The scientists' backpacks contained only the miniaturized power equipment to electrify their clothing and operate their communicators, but Igwanda's and his troops' had additional utilities. One was a metal detector linked to his helmet, which he immediately activated by a timed eyeblink and focused on each native in turn. There was no feedback; either all three were really unarmed or the natives had not yet applied their new iron technology to weaponry. Since the latter seemed improbable—iron holds an edge vastly better than any kind of unprocessed stone—he tentatively concluded that in this group, at least, there was no immediate threat.

With that concern abated for the moment, Igwanda focused his attention on the gathering before him. Each group of three sat together facing the other, leaving, he noticed, each with a clear line of retreat to their fellows. All appeared to be sitting in comfortable and evidently relaxed positions, although Igwanda noted that the aliens could afford this militarily much better than the humans; they could arise almost instantly by merely flexing their hindquarters, whereas the humans would have to first gather their legs beneath them.

Schooling himself to disregard the gross physical differences that on Earth were often a major barrier to interspecies, sometimes even interracial, individual recognition, Igwanda could soon make out clear distinctions in the aliens' appearances. All three had the oversize, slightly iridescent but pupil-less eyes of their species, but they were of somewhat different hues—Joe's beige with pink overtones, Gus' a pale chartreuse, Akakha's a slightly deeper tan. There were slight differences in physiognomy, with Gus' face longer than Joe's and Akakha's noticeably squarer. Joe and Gus were fairly slender in build, with Joe being slightly the taller, while Akakha was more heavily set with what appeared to be musculature. Idly Igwanda wondered if Akakha had been selected for its physical prowess to match the armed human.

In manner, too, there were differences. Joe sat calmly, patiently opposite Meiersdottir but let its attention be drawn to whoever was speaking. Gus seemed more animated opposite Lee, not infrequently using its upper limbs to gesticulate. Akakha, by contrast, sat unmoving with its attention solely on Igwanda. On alert, the colonel mused. Ready to react if I make any suspicious moves.

To test the hypothesis he reached slowly around behind himself to scratch a nonexistent itch on his lower back. The effect was to move his hand in the general direction of his weapon holster, though he was careful to keep well clear of the laser itself.
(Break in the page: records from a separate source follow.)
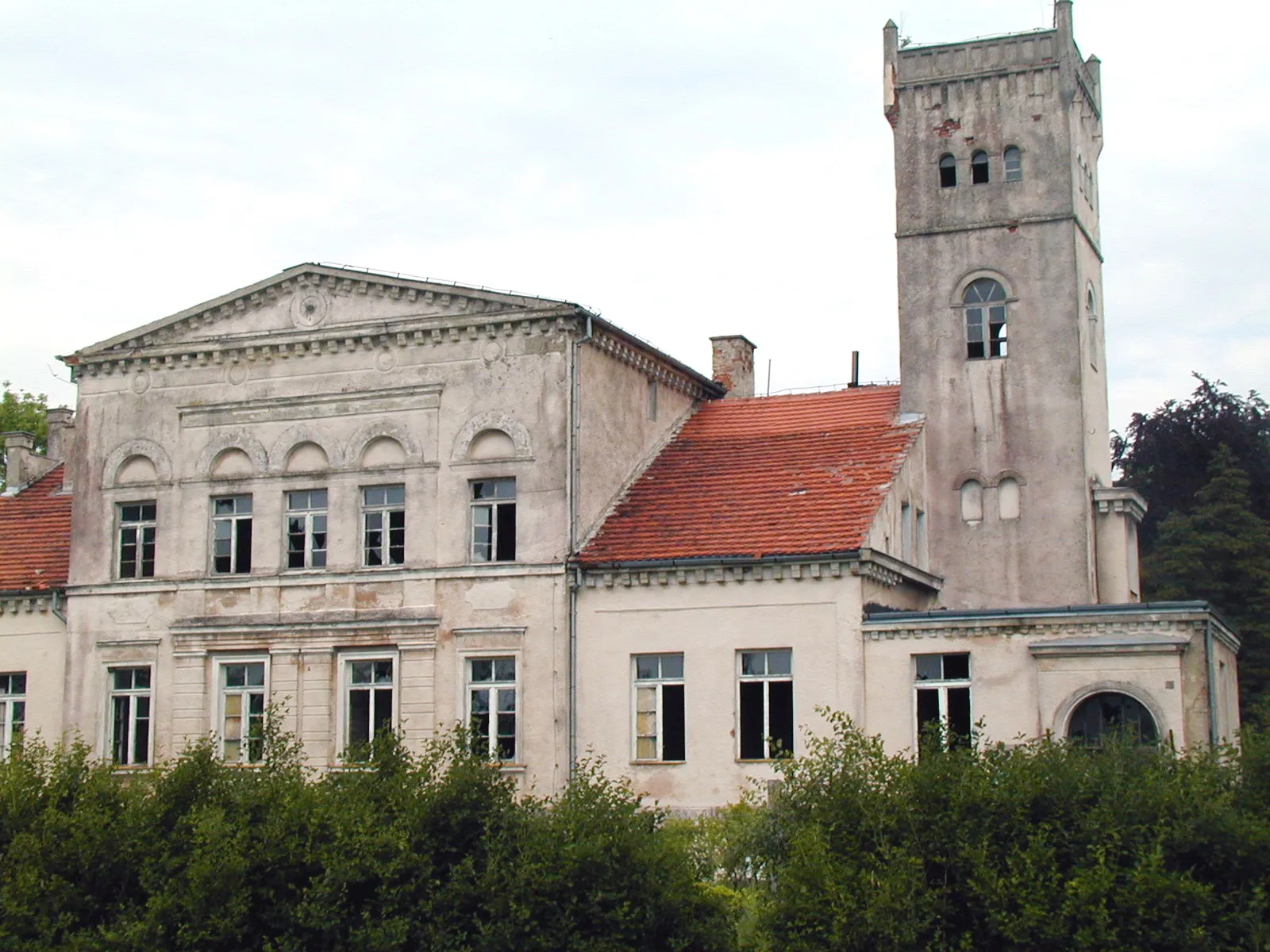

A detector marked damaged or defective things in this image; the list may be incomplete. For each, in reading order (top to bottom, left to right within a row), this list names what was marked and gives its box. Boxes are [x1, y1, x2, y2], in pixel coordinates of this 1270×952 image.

window with missing glass [118, 502, 156, 578]
window with missing glass [212, 500, 251, 574]
window with missing glass [287, 492, 327, 566]
window with missing glass [363, 485, 401, 566]
window with missing glass [472, 479, 515, 563]
window with missing glass [467, 660, 515, 766]
window with missing glass [635, 654, 686, 766]
window with missing glass [741, 650, 787, 762]
window with missing glass [914, 654, 970, 756]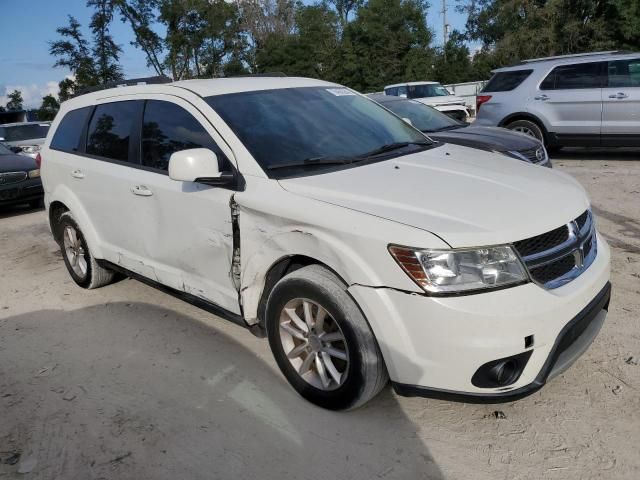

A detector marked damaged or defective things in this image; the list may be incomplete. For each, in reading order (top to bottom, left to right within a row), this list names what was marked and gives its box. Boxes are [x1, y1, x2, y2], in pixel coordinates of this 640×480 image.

damaged white suv [40, 77, 608, 410]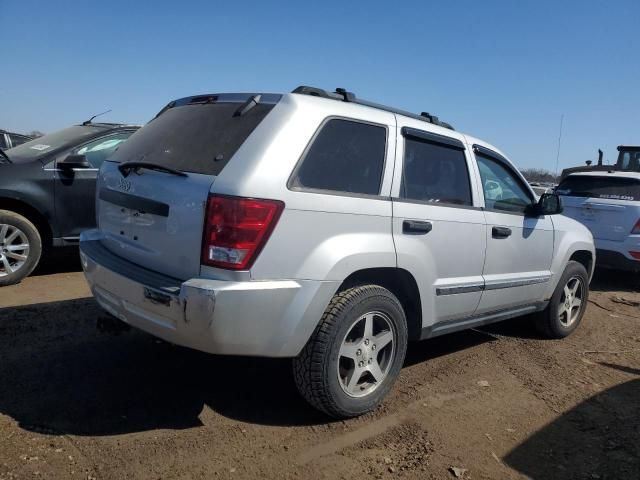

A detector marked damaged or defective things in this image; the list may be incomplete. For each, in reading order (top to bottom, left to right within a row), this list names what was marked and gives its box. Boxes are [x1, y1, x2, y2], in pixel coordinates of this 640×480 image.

dented bumper [80, 234, 336, 358]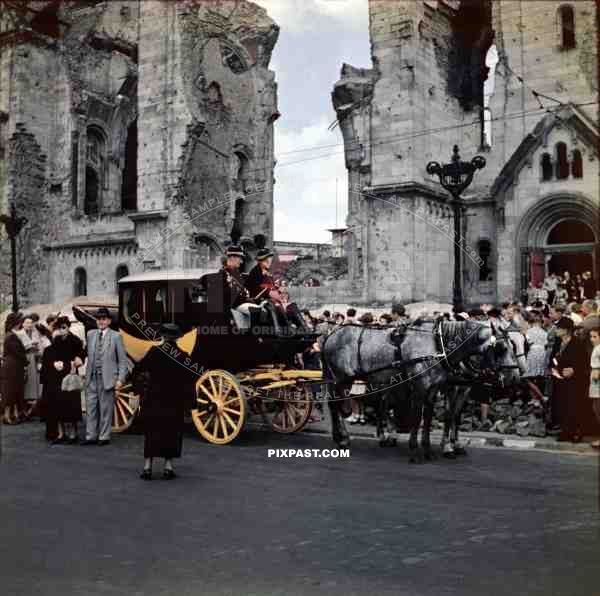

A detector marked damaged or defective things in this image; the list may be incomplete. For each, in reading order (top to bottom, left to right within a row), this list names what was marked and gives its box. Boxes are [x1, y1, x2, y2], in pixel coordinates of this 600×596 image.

damaged stone tower [0, 0, 276, 304]
damaged stone tower [336, 0, 596, 304]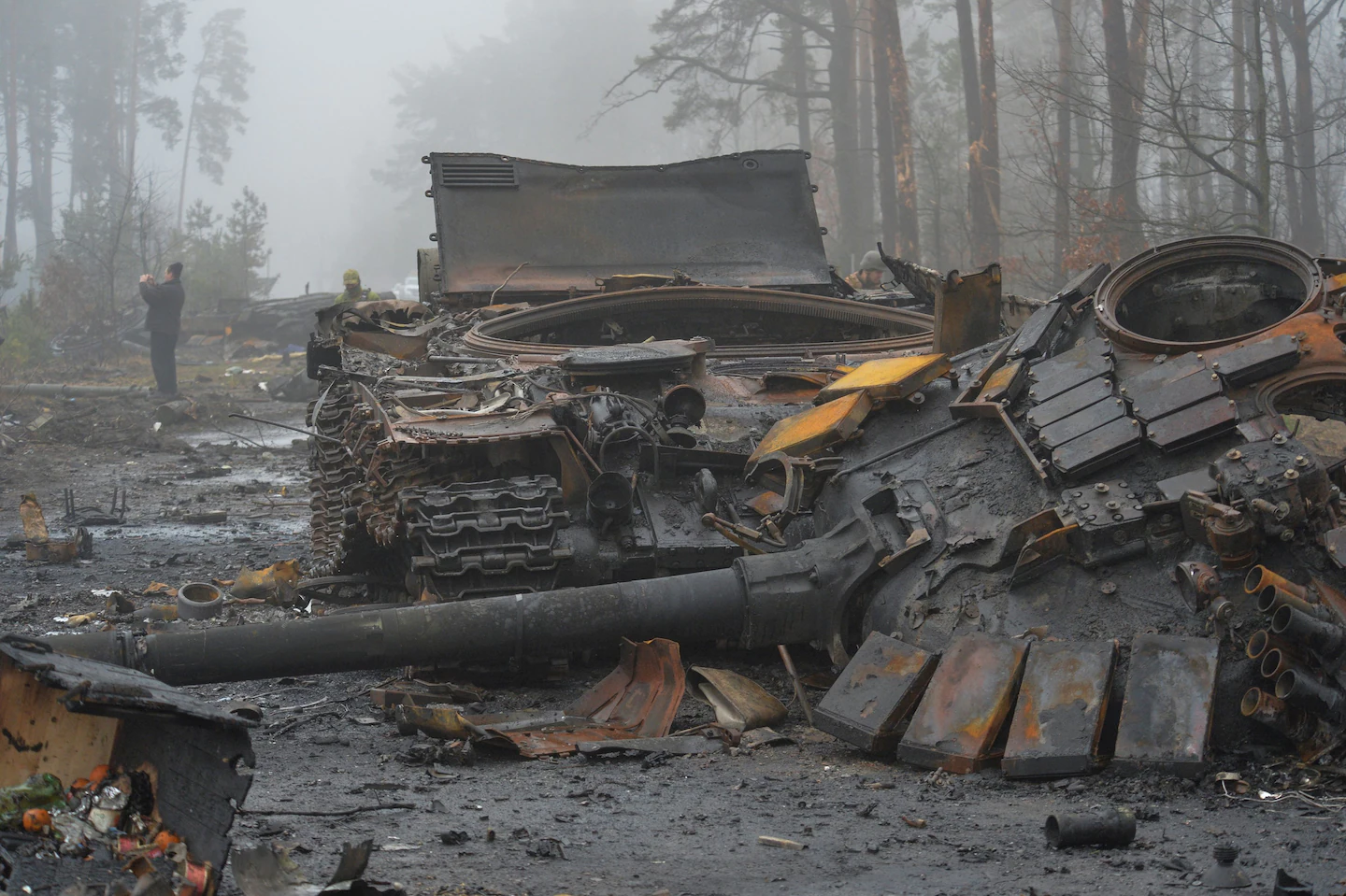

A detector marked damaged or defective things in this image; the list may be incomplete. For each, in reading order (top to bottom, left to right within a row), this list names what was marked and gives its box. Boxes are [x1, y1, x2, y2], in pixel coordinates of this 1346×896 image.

rusted metal panel [427, 149, 829, 295]
burnt metal sheet [430, 150, 829, 292]
charred wreckage [28, 148, 1346, 802]
burnt metal debris [31, 156, 1346, 780]
rusted metal panel [748, 390, 872, 460]
rusted metal panel [808, 349, 947, 403]
burnt metal sheet [1011, 300, 1071, 360]
burnt metal sheet [1023, 349, 1109, 401]
rusted metal panel [1028, 349, 1114, 398]
burnt metal sheet [1028, 377, 1114, 430]
rusted metal panel [1028, 377, 1114, 430]
burnt metal sheet [1033, 395, 1130, 447]
rusted metal panel [1033, 398, 1130, 448]
burnt metal sheet [1044, 414, 1141, 478]
rusted metal panel [1044, 414, 1141, 478]
rusted metal panel [1124, 368, 1222, 425]
burnt metal sheet [1130, 365, 1227, 422]
burnt metal sheet [1146, 395, 1238, 448]
rusted metal panel [1146, 395, 1238, 448]
burnt metal sheet [1211, 329, 1302, 381]
rusted metal panel [1211, 329, 1302, 381]
burnt metal sheet [812, 632, 942, 747]
rusted metal panel [812, 632, 942, 747]
burnt metal sheet [898, 632, 1023, 769]
rusted metal panel [898, 632, 1023, 769]
burnt metal sheet [1007, 634, 1120, 775]
rusted metal panel [1007, 634, 1120, 775]
rusted metal panel [1114, 632, 1222, 769]
burnt metal sheet [1114, 627, 1222, 775]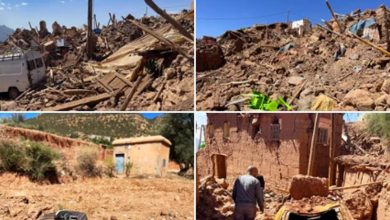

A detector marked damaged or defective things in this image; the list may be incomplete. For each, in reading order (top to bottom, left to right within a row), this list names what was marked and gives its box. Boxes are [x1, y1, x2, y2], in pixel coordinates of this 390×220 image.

earthquake damage [0, 0, 194, 111]
damaged structure [0, 0, 194, 111]
earthquake damage [197, 2, 390, 111]
damaged structure [198, 4, 390, 111]
damaged structure [110, 135, 170, 176]
earthquake damage [198, 114, 390, 220]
Once again he saw the same eye response in Akakha, even a little stronger; definitely an involuntary sign of heightened attention, he thought. There was, however, no indication of increased bodily tension in any of the natives. They may look relaxed, continued his thought, but they are ready for instant motion, no need to gear up. It was that way with the Argo, too; except for the shift in center of gravity, they struck instantly.

But there still seemed no immediate danger, and he turned his focus to the language lessons in which Lee and Gus were apparently wholly engaged, with occasional interjections from both Meiersdottir and Joe. It was quickly apparent that Lee's assessment of the aliens' learning curve had not been exaggerated. On board the Gardener during the doldrums of their warp transition, Lee had spent most of one crew meeting explaining the difficulties of exchanging lang­uage with no common referents.